Crash on Windows with large data

Previous Topic Next Topic
 
classic Classic list List threaded Threaded
5 messages Options
Reply | Threaded
Open this post in threaded view
|

Crash on Windows with large data

Simon Peyton Jones
Yitz and others

| Would you and your team be interested in looking at this?

In principle yes of course.   I wish we had a "team", as in a bunch of people whose job it is to make GHC fantastic.  However we certainly do have a team of volunteers who do amazing things; and one (totally heroic and overworked) Ian Lynagh who really does have it as his job.  So in practice it might be harder.

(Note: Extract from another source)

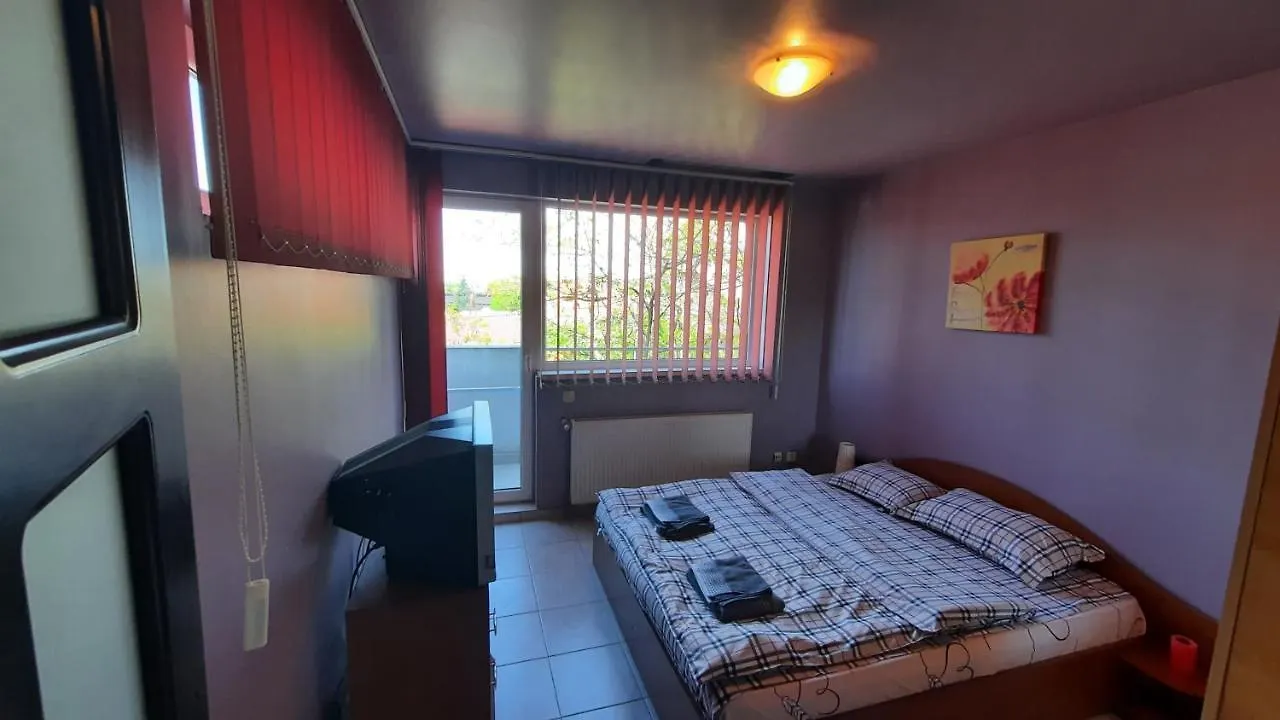 Spacious, Modern Condo In New Villa - Sleeps 6 Bucharest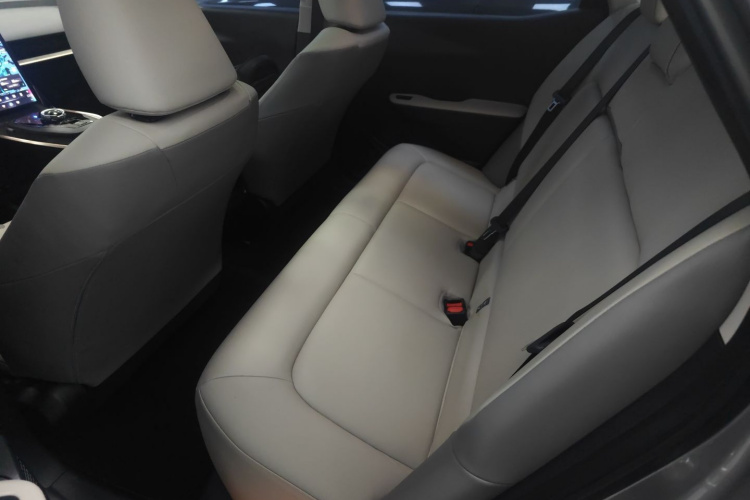 丰田bZ3 2023款 517km 精英PRO中控内饰7004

Does anyone feel able to help Yitz?  

Ian might, depending on how hard it was to put him into a position where he could reproduce it.  Plus it depends on how critical it is for you.  

Simon

| -----Original Message-----
| From: sefer.org at gmail.com [mailto:sefer.org at gmail.com] On Behalf Of
| Yitzchak Gale
| Sent: 21 March 2013 21:03
| To: Simon Peyton-Jones
| Subject: Crash on Windows with large data
|
| Hi Simon,
|
| At work, we have an app that ran into a BEX64 crash on Windows when
| processing a large and complex data set. I compiled a special version of
| our app with GHC 7.6.2 for Windows, because we suspect it needs to run
| on 64 bits.
|
| On Linux, the same app compiled with 7.4.2 runs to completion when
| processing the same data, although it does use as much as 15 GB of
| memory in the process. The Windows version crashed when it hit something
| over 5 GB or memory usage.
|
| Would you and your team be interested in looking at this?
|
| The problem is, both our app and our customer's data is proprietary.
| The customer is a well-know very large corporation. Due to the nature of
| the problem, I doubt there is any reasonable way to isolate the problem.
| I imagine we would need to send you the original code and data. Is there
| some sort of arrangement that can be made for this situation?
|
| Thanks,
| Yitz


Reply | Threaded
Open this post in threaded view
|

Crash on Windows with large data

Jason Dagit-3
I had never heard of BEX/BEX64 errors before. Naturally I wanted to know
what it was. Perhaps others here have never heard of this as well? Just in
case, I'll share what I learned.

After a bit of digging I came across this:
http://technet.microsoft.com/en-us/library/cc738483(WS.10).aspx

I think that article is saying that windows has a policy to prevent
arbitrary buffers from being executed. Perhaps the RTS needs to do
something special on windows when it's allocating pages above a certain
address?

Of potential note is this section (I don't know the RTS at all, so maybe it
already takes care of the following):
What works differently?
Application Compatibility

Some application behaviors are expected to be incompatible with DEP.
Applications that perform dynamic code generation (such as just-in-time
code generation) and that do not explicitly mark generated code with
Execute permission might have compatibility problems with DEP. Applications
that are not built with SafeSEH must have their exception handlers located
in executable memory regions.

Applications that attempt to violate DEP will receive an exception with
status code STATUS_ACCESS_VIOLATION (0xC0000005). If an application
requires executable memory, it must explicitly set this attribute on the
appropriate memory by specifying PAGE_EXECUTE, PAGE_EXECUTE_READ,
 PAGE_EXECUTE_READWRITE orPAGE_EXECUTE_WRITECOPY in the memory protection
argument of the Virtual* memory allocation functions. Heap allocations
using the malloc() and HeapAlloc()functions are non-executable.
Perhaps the problem is reproducible simply by forcing the 64bit windows
build of ghc to execute a thunk allocated above the 4 GB address range?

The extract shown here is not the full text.